But to sort of stymie the economy, through massive government programs of regulation and taxes, it's probably not a smart thing to do. It will have an impact on the market. It's not having an impact now, it's because we're not close to it yet. But I can tell you, I know for a fact because I've been reporting this out for the last week, Wall Street brokerage firms are starting to get worried about how they're going to address the Biden economic agenda, how they're going to break it to their investors, “Hey, guys, and gals, this is how you have to arrange your portfolio, because certain companies are going to get crushed on this because they're going to get much higher taxes.”

By the way, Joe Biden gets in there, the breakup of Big Tech, which — I know the Trump administration's making noises in that direction, going after Google, there's an active investigation of Google. There will probably be some sort of case against Google, we don't know how far-reaching it is. But if Joe Biden gets in there, and Elizabeth Warren has his ear, well guess what? They're going to attempt to break up Big Tech. And this all presupposes if Donald Trump — if Joe Biden wins, that the Senate goes to the Democrats which it will likely. And that gives him a pretty clean slate to do what he wants.

This is something investors really need to worry about. They should be talking to their financial advisers right now, because it is an issue that's going to come — that if the polls stay this way, and we're in the Fall, it's something that's going to — you're going to have to decide on what to do. Back to you, Neil.

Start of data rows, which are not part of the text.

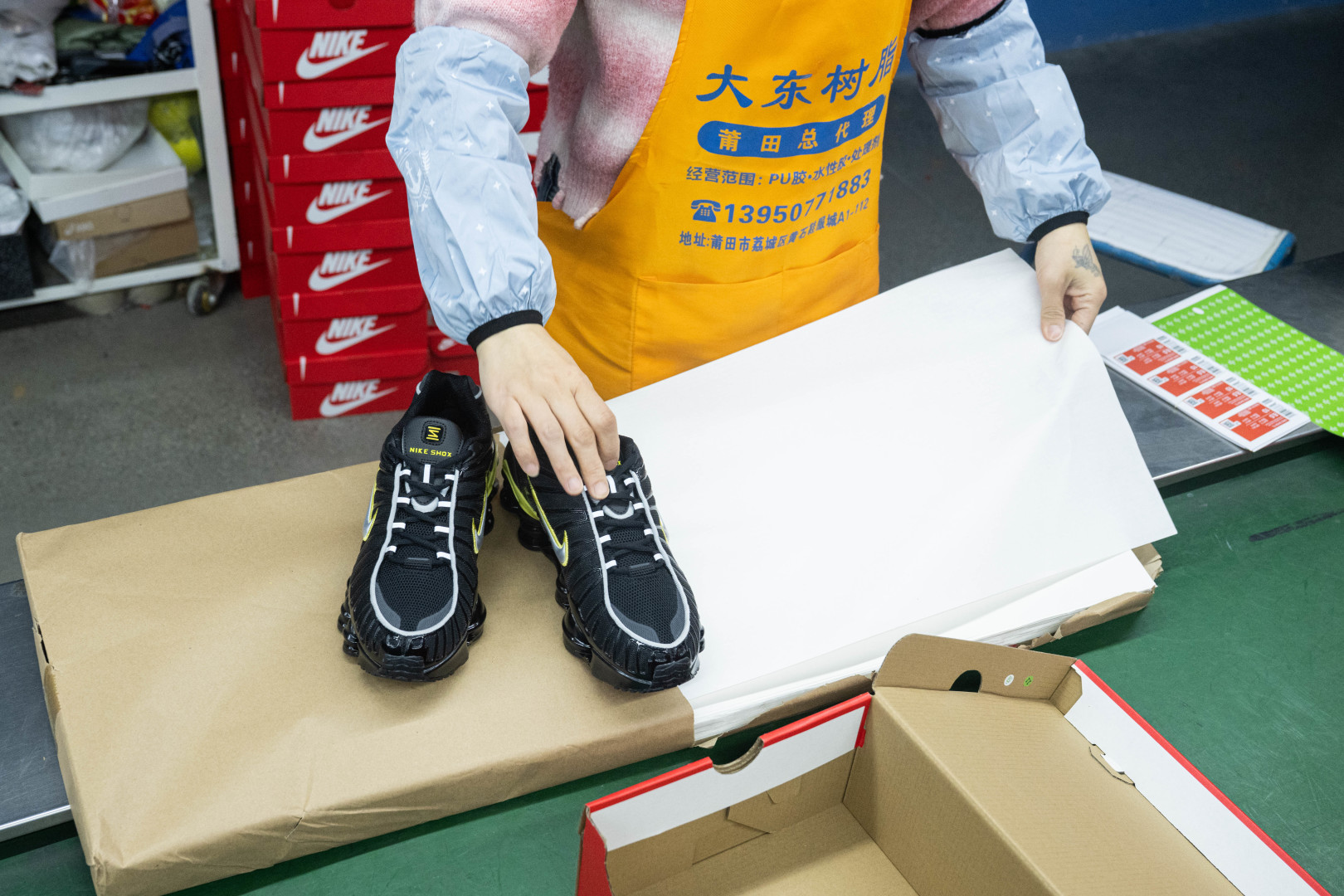 MAX版 目前最正确版本 Nike Shox TL系列 “Dynamic Yellow”黑活力黄
•鞋身热熔压胶条 高频宽度一致 立体有压印纹理
•Swoosh双层叠加工艺 层次感饱满
•Shox气柱与支撑框架精密衔接 精准对位 PU清晰
•鞋型 鞋身高度 后跟弧度 与原鞋一致
货号:CN0151-002
尺码:39 40 40.5 41 42 42.5 43 44 44.5 45 45.5 46 47.5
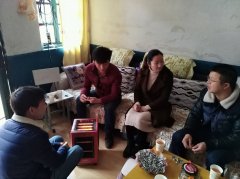 月亮田矿团委节前走访慰问青工家庭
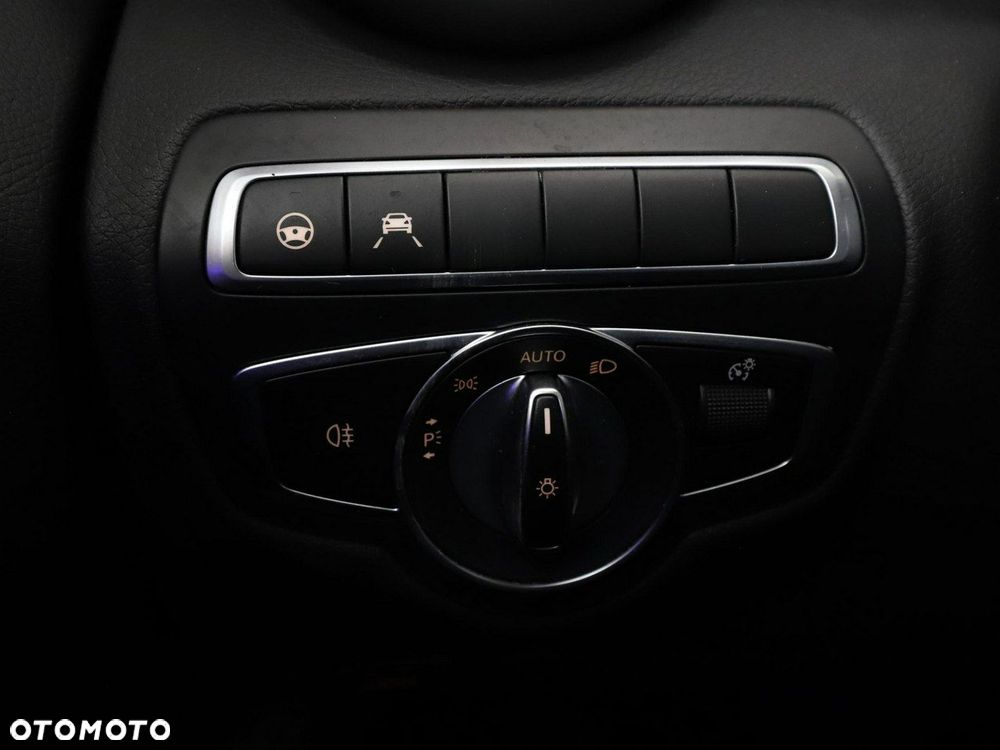 Mercedes-Benz Klasa C 300 4Matic 9G-TRONIC Night Edition - 41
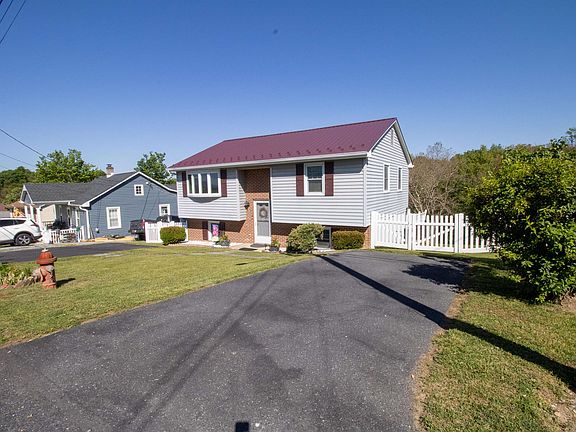 5th image of 129 Greenview Dr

CAVUTO: All right, Charlie Gasparino, thank you very much. And to Charlie's point, it's how people are feeling about this, and the prospects of polls in the Fall, that's when it comes closer to sticking. Markets are not really envisioning one thing or the other here. As I always like to say, markets aren't red or blue, they're green. They like making money. They made a lot of it under Bill Clinton, the Democrat. They've been making a lot of it, even with the gyrations this crazy year, under Donald Trump. So jarring that would be jarring to them.